Harriman examined Sarah’s earnest face and looked to Jeffrey for a reaction. He didn’t find one. The manager thought for a moment, then pressed the hook-shaped doorknob down.

Harold felt a coldness begin in his shoulder muscles and shiver down his back, tingling all the way to his toe tips and newly frigid fingers. Even before the hall light jumped into the dim gray air of the room, he knew. Something was wrong.

When his eyes adjusted, Harold saw the disheveled dresser, its drawers yanked out and overturned. He saw the tipped-over lampshade and the dark splotches of what must be dress shirts on the taupe carpet. He saw the half-open closet door, the pile of clothes hangers on the floor, the fanned-out papers sprinkled like snowflakes.

Harold stepped inside, behind Sarah, Jeffrey, and Harriman the manager. The stiff-legged four moved almost in unison.

“Alex?”

“Alex.”

“Al… ex…”

“… Alex.” They each took turns calling the name, as if the word itself would make him appear. It became a chant, a round, and an incantation.

The mess accentuated the smallness of the room. The heavy blinds were shut tight, locking in the darkness. Harriman stepped through a narrow entryway past the bathroom door and the closet, toward the dresser against the wall on the right, and the wooden desk in the far corner.
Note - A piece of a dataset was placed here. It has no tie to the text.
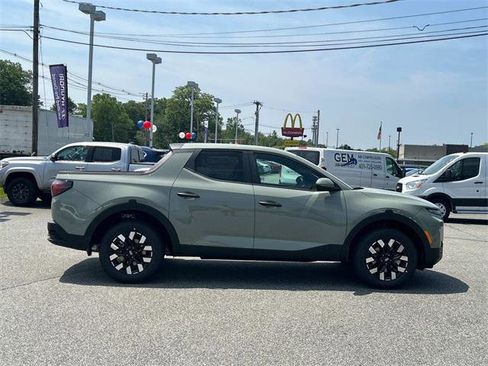 New 2025 Hyundai Santa Cruz SE image 2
Ahead to the left, the room appeared to blossom out in open space-the bed must be in that direction.

Harold watched Jim slow down midstep as he turned the corner, then watched as Jeffrey did the same. Jeffrey’s brow furrowed and shook with his head, as a slight tremor reverberated through the older man’s body. Sarah stepped beside Jeffrey, turned, and inhaled sharply. Her face was blank, smoothed into soft focus by the darkness.

Harold looked down for a moment and steadied his nerves before taking his next step. Coming to a stop behind Sarah as he turned, he subconsciously crouched down an inch. He peeked over Sarah’s shoulder-she suddenly seemed so tall.
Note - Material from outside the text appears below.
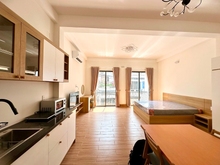 Hình ảnh Studio ban công 40m2, duplex sân vườn full nội thất cao cấp, hiện đại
His gaze started at the unmade bed and the pillows unsheathed from their cases. It moved to the nightstand and the khaki-colored hotel phone, the receiver off the hook, the red message light blinking in a long rhythm, roughly at the pace of Harold’s breath. Then to the lounge chair and matching ottoman, soiled with more scattered paper, a pair of work pants, and a few books. And finally, then, to the floor, and the dead body of Alex Cale.

CHAPTER 7 The Bloodsucker

“[He is] a loyal friend and a chivalrous gentleman,”

said Holmes, holding up a restraining hand.

“Let that now and forever be enough for us.”

– Sir Arthur Conan Doyle,

“The Adventure of the Illustrious Client”

December 18,1893, cont.

London had become an alien land for Arthur, full of strange people going about their strange ways. He felt like Captain Nemo, adrift from civilization and surrounded by monsters. As he tumbled through the rest of this perverse day, eyes seemed to trail him all the way down the Strand, even into Simpson’s, where he stopped for his dinner. Inside, they flicked at him from every dim corner as he ate his kidney pie and read the papers. He flipped through the Times’ back pages to find that even London’s cartoonists had drawn their share of blood. A crudely rendered image showed a young boy reading the final Holmes tale, his face contorted in grief and disillusion. Arthur was now accused of shattering a generation’s childhood.

He sputtered at the drawing and spilled a droplet of kidney juice onto the paper. The hot beefy broth blotted out the face of the young boy, smudging the ink and distorting his features. The child’s skin turned brown. Curiously, Arthur took his spoon, scooped up another helping, and after pushing two peas and a mushy carrot sliver back onto the plate, he dribbled a few more drops of hearty brown juice onto the newspaper. And then a few more. And then a whole spoonful, until the cheap, soggy paper wrinkled and tore from the liquid.